When asked about it by On London, City Hall swiftly denied a rumour circulating among other interested parties that Khan has already asked the government if his MDC can take over licensing powers from the council and been turned down. Nonetheless, James believes that the shake-up an MDC would entail would be beneficial in that regard, describing how local authority planning and licensing powers can overlap to some degree.
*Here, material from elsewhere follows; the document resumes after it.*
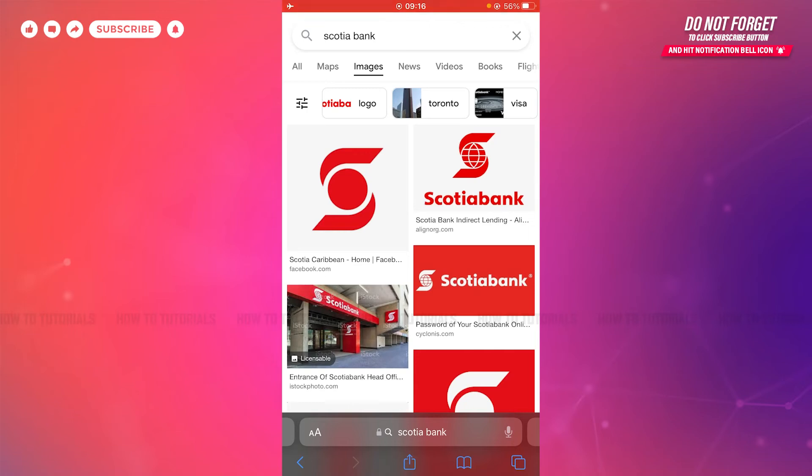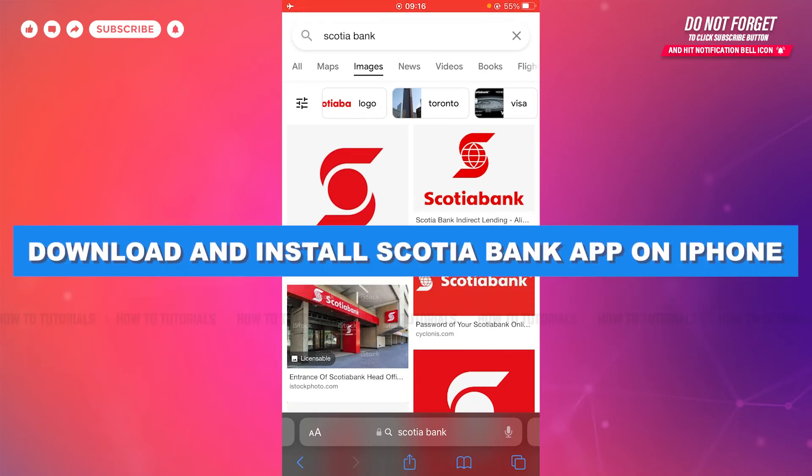Hello everyone, welcome to our channel. In today's tutorial video, I'll be showing you the process on how you can download and install the Scotia Bank mobile banking application on iPhone.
James’s analysis of the impact of Westminster’s approach could hardly contrast more sharply with that of the council itself, which remains furious about Khan’s MDC initiative and sees its own Oxford Street strategy, born of a lengthy consensus-building exercise, as far more appropriate for a part of the capital where businesses and residents of many kinds have long co-existed.
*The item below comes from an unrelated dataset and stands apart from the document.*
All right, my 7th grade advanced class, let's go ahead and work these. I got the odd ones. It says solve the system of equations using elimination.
Westminster Labour has always been against pedestrianisation, and senior councillors are concerned that introducing it along with a slackening of planning rules across a wider area under an MDC would turn the whole area into what one of them terms “party central”.

The fear is that this would lead to a further rise in property values, followed by large new buildings of a type some local voters objected to when Conservatives ran Westminster, and an exodus of wealthier residents, who would rent their properties for Air B&B use instead of living in them. The West End’s many social housing occupants, meanwhile, would just have to put up with it. The overall outcome, according to On London‘s Westminster source, is that the “villages” of Mayfair, Fitzrovia, Marylebone and, yes, Soho, “would all be killed”.
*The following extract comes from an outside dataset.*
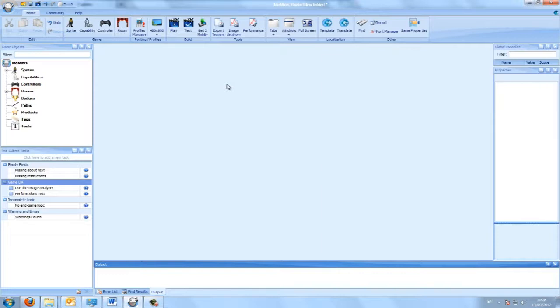We will start by loading MoFish 3, the result of Tutorial 4. As you may remember, MoFish 3 contains a single fish sprite that swims left whenever the left key is pressed, and stops when the key is released. If the fish goes beyond the boundaries of the screen, it will immediately reappear from the right and resume its movement from there.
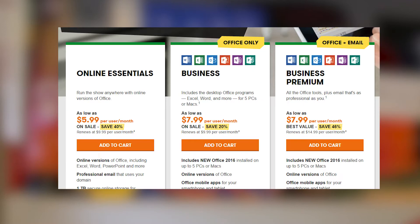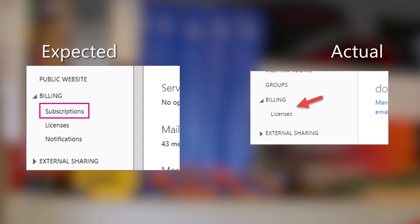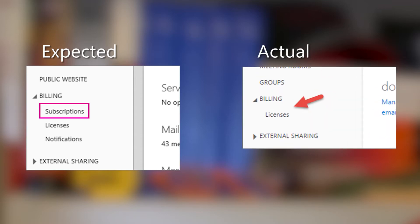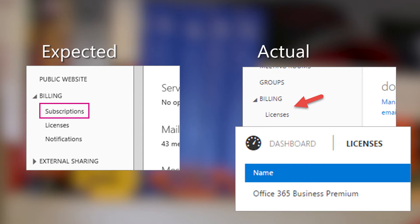When you go to GoDaddy, you can actually sign up for O365 through GoDaddy. They offer a couple different options. One of them was Business Premium, so I went and signed up for that to see what it looked like. After signing up, when you go to the O365 admin portal under billing, I would typically expect to see subscriptions and licenses. In this case, I only saw licenses, and under licenses I would see the Office 365 Business Premium offering that I signed up for.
James’s letter also argues that “many operators are considering moving out because of Westminster’s obvious bias against them” and calls for more al fresco dining to be allowed, as happened as an emergency measure during the pandemic to help restaurateurs stay afloat.

James favours restrictions on cars to facilitate this, citing Camden’s policy towards Charlotte Street in his letter as one example of how to do it well. He writes: “I fear Alfresco has been politicalised and misinterpreted as a vote loser in Soho. In reality, we know from the pandemic and since, that many residents support alfresco and enjoyed it when it was in use.” Some residents, though, would disagree.

This new storyline in the Oxford Street saga has unfolded while the Mayor has been visiting New York. Yesterday he was taken on a stroll in New York City’s Times Square, saying its regeneration could be a model for what he wants to do with the world-famous London thoroughfare sometimes known as “the nation’s high street”. This saga has a long way yet to go.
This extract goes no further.